"Henry VIII" was printed for the first time in the First Folio of 1623. This play shows that the author was indebted for some of his materials to Cavendish's Life of Wolsey, which, although written in 1557, was not published until 1641--eighteen years after the appearance of the play and twenty-five years after the death of Will Shaksper. It is impossible that the actor could have had access to this manuscript, but it would have been available to Bacon as one of Wolsey's successors in office. It is quite certain that in 1622-23 Bacon was engaged upon a work pertaining to the reign of Henry VIII, for in January, 1623, he had applied to the proper authorities for the loan of such documents as might be in the public archives relating to that monarch's reign. On February 21st, 1623, Bacon wrote to Buckingham, who had gone to Spain with Prince Charles, asking to be remembered to the Prince
"Who, I hope ere long, will make me leave King Henry VIII and set me on work in relation to His Majesty's heroical adventures."
"Since you say the Prince hath not forgot his commandment touching my history of Henry VIII."
Where is this History of Henry VIII? It never appeared, but six months afterwards the play of "Henry VIII" is published in the First Folio of the "Shakespeare" Plays.
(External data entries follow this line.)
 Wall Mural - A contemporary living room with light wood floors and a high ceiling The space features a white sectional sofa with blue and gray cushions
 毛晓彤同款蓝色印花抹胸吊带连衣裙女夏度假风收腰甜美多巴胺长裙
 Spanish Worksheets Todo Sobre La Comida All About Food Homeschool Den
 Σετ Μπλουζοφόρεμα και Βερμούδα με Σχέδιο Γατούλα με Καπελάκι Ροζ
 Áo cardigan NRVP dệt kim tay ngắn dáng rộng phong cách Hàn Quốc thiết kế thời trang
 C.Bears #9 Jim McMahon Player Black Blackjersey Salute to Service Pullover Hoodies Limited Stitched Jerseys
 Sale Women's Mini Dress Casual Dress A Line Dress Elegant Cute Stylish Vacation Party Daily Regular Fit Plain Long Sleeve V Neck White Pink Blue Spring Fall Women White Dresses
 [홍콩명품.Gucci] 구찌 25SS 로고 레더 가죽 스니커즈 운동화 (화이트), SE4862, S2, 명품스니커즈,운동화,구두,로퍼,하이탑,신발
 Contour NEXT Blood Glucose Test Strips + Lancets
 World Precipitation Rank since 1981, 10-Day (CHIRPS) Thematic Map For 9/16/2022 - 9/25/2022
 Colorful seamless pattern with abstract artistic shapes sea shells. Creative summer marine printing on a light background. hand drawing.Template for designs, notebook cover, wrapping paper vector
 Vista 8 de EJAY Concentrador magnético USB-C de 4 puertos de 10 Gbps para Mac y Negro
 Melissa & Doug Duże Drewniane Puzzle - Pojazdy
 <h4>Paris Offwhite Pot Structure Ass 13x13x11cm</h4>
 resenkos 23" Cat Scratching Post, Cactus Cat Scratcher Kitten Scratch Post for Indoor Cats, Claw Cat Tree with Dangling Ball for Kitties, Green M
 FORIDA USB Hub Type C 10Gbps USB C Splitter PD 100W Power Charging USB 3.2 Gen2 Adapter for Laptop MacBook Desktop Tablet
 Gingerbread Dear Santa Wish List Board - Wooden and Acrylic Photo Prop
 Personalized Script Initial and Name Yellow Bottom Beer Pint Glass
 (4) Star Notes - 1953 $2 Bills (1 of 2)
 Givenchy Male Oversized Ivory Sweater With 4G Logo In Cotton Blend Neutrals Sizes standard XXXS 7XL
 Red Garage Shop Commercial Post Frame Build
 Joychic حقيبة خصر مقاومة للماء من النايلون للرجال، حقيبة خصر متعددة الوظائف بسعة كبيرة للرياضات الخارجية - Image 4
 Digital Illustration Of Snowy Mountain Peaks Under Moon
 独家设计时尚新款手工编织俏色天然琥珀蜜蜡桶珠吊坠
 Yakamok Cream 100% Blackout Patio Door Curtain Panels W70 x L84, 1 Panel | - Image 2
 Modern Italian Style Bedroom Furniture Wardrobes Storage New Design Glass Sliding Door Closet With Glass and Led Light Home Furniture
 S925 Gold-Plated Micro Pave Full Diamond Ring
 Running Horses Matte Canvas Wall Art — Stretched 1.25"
In this play of "Henry VIII"there is a scene where four peers are sent to relieve Cardinal Wolsey of the Great Seal. Is it a coincidence that the playwright should have selected as two of these peers the names of two of the peers who were actually sent to take the great seal from Francis Bacon on the occasion of his fall from power? Why should any man other than Francis Bacon himself mention the names of two peers who did not attend on Cardinal Wolsey but who did attend upon himself?